Research at the Department of Development Studies


The Department of Development Studies is a world-leading research-led department, known internationally for its critical approach to development.
We have unrivalled expertise of regional development in Asia, Africa, the Middle East and Latin America, and an outstanding reputation for the study of non-Western development processes and systems of thought.
Our academics and research students work across a wide spectrum of development-related issues that are centrally important to the greatest challenges facing our planet. We aim to shape global debates in the department’s core areas of research.
Research clusters
Our research is organised around a set of core research clusters and workstreams within them.
- Global Labour, Activism and Social Justice Cluster (comparative labour relations, global supply chain capitalism, labour regimes and standards, social reproduction and feminist political economy, labour activism and social movements, urban development and digital platform work, gender, caste and race)
- Conflict, Peace and Development Cluster (war to peace transitions, states and armed conflict, displacement, war economies / illicit economies, humanitarian action and conflict, peace)
- Agrarian Change and Development Cluster (agrarian change, agrarian transitions, agrarian questions of capital and labour, agrarian transformations, rural class formation)

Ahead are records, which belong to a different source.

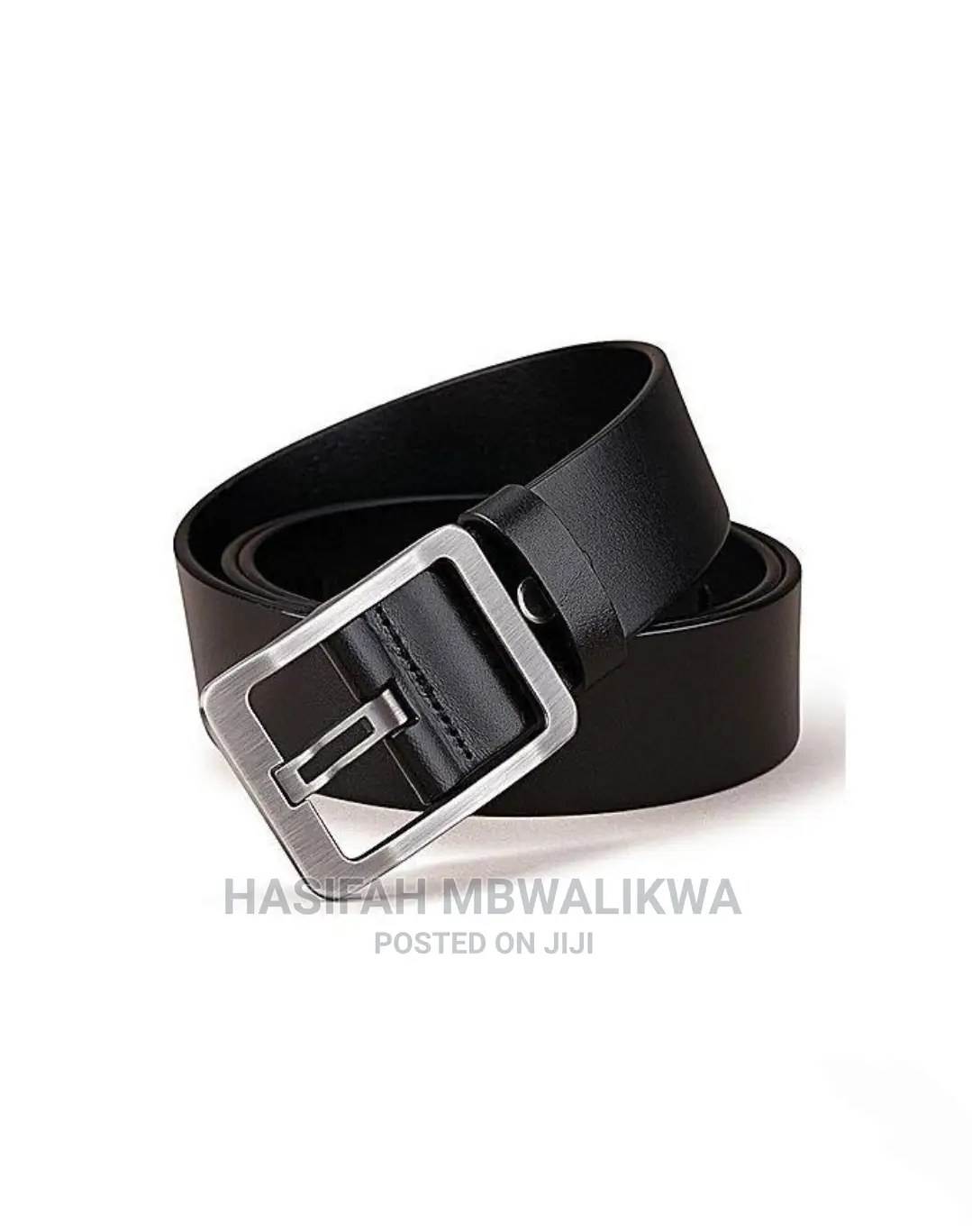 Double Sided Men's Belts- Black, Brown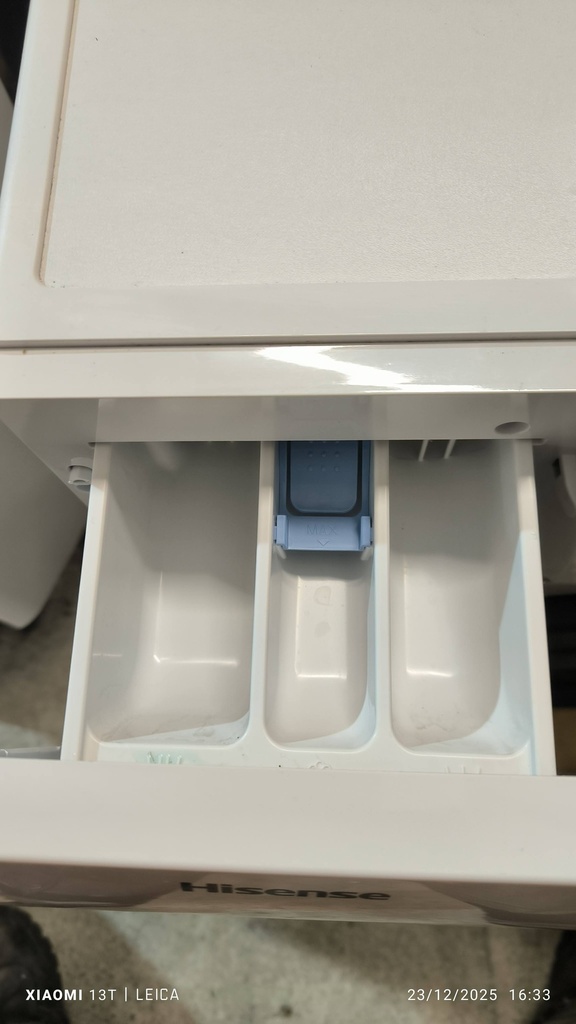 Lave linge frontal HISENSE 7kg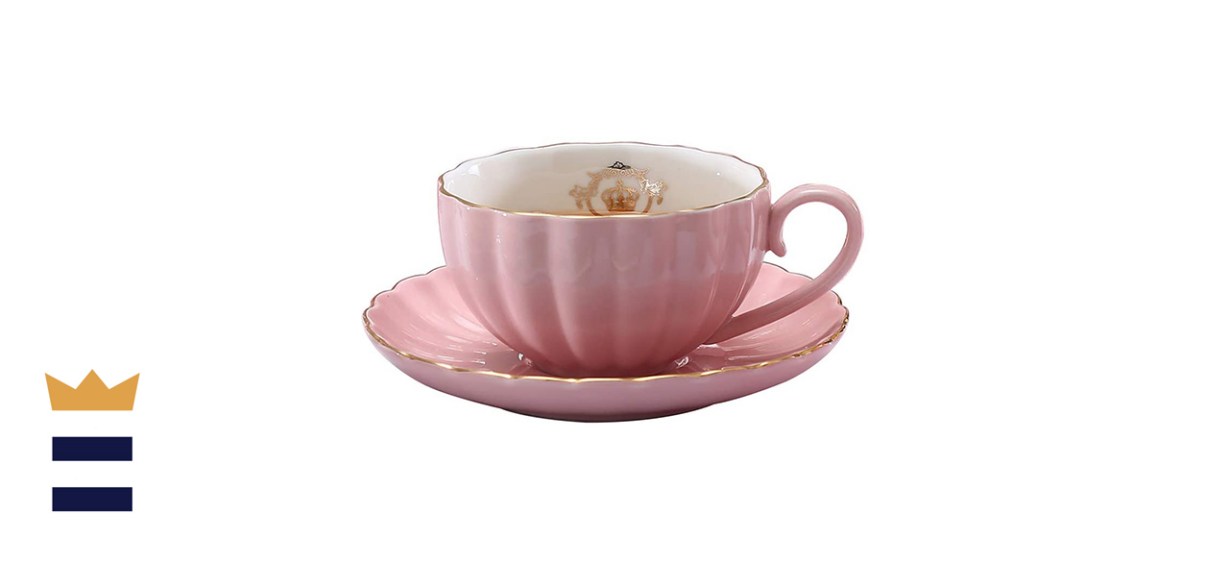 Heasa Porcelain British Royal Series Teacup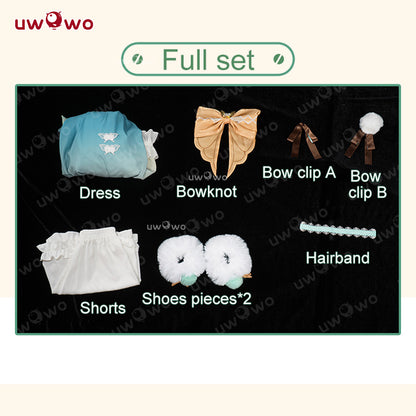 AUG PRESALE Uwowo Honkai: Star Rail Firefly Girls' Dormitory Homeware Pajama Cosplay Costume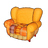Floral Patchwork Armchair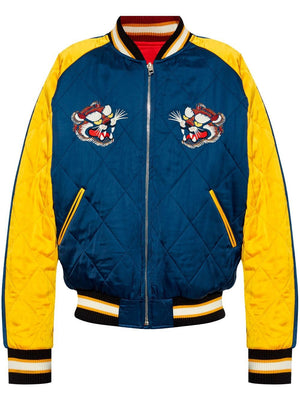 KENZO Men's Star Tiger Souvenir Jacket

- Migration and Development Cluster (migration, diasporas, mobilities, remittances, asylum and detention, borders and governance of migration)
- Environment Cluster (political ecology, environmental justice, environmental inequalities, climate change vulnerability, governance of natural resources)
In addition, our staff work on a variety of other key themes such as governance and development, industrial policy and economic transformation, taxation and fiscal states, global health and non-state actors in health delivery, COVID-19 and polycrisis, climate finance and public banks, politics and development in the Middle East, coloniality, and intersectionality.
The department's research work connects with a number of research centres, including the Centre for Development, Environment and Policy, the Development and Transformation Centre, the Centre for Water and Development and Centre for the Study of Illicit Economies, Violence and Development, and many colleagues are active in several other SOAS research centres.